Provided entries ->
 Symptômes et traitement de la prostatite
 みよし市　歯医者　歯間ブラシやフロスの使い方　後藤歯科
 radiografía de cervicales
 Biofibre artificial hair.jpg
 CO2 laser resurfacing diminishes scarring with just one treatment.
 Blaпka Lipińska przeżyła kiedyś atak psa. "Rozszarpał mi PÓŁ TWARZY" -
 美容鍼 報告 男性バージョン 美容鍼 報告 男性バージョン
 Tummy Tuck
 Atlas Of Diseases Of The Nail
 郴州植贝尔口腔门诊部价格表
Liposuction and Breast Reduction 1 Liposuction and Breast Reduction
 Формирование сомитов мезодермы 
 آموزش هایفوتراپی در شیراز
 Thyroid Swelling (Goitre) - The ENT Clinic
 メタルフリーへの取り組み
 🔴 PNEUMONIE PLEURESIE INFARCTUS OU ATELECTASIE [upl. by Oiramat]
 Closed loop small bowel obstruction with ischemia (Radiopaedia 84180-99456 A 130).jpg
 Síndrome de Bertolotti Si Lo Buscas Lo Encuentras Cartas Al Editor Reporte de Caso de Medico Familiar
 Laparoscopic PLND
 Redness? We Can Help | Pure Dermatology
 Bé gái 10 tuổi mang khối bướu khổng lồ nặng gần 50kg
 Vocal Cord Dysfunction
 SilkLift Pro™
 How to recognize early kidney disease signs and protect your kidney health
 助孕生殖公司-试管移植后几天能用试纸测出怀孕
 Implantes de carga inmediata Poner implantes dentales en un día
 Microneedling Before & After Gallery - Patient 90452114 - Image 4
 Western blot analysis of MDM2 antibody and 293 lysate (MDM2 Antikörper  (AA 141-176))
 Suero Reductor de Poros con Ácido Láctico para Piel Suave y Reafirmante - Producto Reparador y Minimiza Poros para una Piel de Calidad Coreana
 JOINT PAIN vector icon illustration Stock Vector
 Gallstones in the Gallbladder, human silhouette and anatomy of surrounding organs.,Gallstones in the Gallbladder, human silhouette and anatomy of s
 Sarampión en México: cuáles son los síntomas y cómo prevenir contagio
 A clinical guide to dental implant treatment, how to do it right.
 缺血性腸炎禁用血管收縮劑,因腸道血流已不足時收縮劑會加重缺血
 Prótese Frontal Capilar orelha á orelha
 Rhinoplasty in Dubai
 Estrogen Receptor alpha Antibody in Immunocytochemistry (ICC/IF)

Assigned task ->
Could you copy every record above exactly as written?

Task result ->
 Symptômes et traitement de la prostatite
 みよし市　歯医者　歯間ブラシやフロスの使い方　後藤歯科
 radiografía de cervicales
 Biofibre artificial hair.jpg
 CO2 laser resurfacing diminishes scarring with just one treatment.
 Blaпka Lipińska przeżyła kiedyś atak psa. "Rozszarpał mi PÓŁ TWARZY" -
 美容鍼 報告 男性バージョン 美容鍼 報告 男性バージョン
 Tummy Tuck
 Atlas Of Diseases Of The Nail
 郴州植贝尔口腔门诊部价格表
Liposuction and Breast Reduction 1 Liposuction and Breast Reduction
 Формирование сомитов мезодермы 
 آموزش هایفوتراپی در شیراز
 Thyroid Swelling (Goitre) - The ENT Clinic
 メタルフリーへの取り組み
 🔴 PNEUMONIE PLEURESIE INFARCTUS OU ATELECTASIE [upl. by Oiramat]
 Closed loop small bowel obstruction with ischemia (Radiopaedia 84180-99456 A 130).jpg
 Síndrome de Bertolotti Si Lo Buscas Lo Encuentras Cartas Al Editor Reporte de Caso de Medico Familiar
 Laparoscopic PLND
 Redness? We Can Help | Pure Dermatology
 Bé gái 10 tuổi mang khối bướu khổng lồ nặng gần 50kg
 Vocal Cord Dysfunction
 SilkLift Pro™
 How to recognize early kidney disease signs and protect your kidney health
 助孕生殖公司-试管移植后几天能用试纸测出怀孕
 Implantes de carga inmediata Poner implantes dentales en un día
 Microneedling Before & After Gallery - Patient 90452114 - Image 4
 Western blot analysis of MDM2 antibody and 293 lysate (MDM2 Antikörper  (AA 141-176))
 Suero Reductor de Poros con Ácido Láctico para Piel Suave y Reafirmante - Producto Reparador y Minimiza Poros para una Piel de Calidad Coreana
 JOINT PAIN vector icon illustration Stock Vector
 Gallstones in the Gallbladder, human silhouette and anatomy of surrounding organs.,Gallstones in the Gallbladder, human silhouette and anatomy of s
 Sarampión en México: cuáles son los síntomas y cómo prevenir contagio
 A clinical guide to dental implant treatment, how to do it right.
 缺血性腸炎禁用血管收縮劑,因腸道血流已不足時收縮劑會加重缺血
 Prótese Frontal Capilar orelha á orelha
 Rhinoplasty in Dubai
 Estrogen Receptor alpha Antibody in Immunocytochemistry (ICC/IF)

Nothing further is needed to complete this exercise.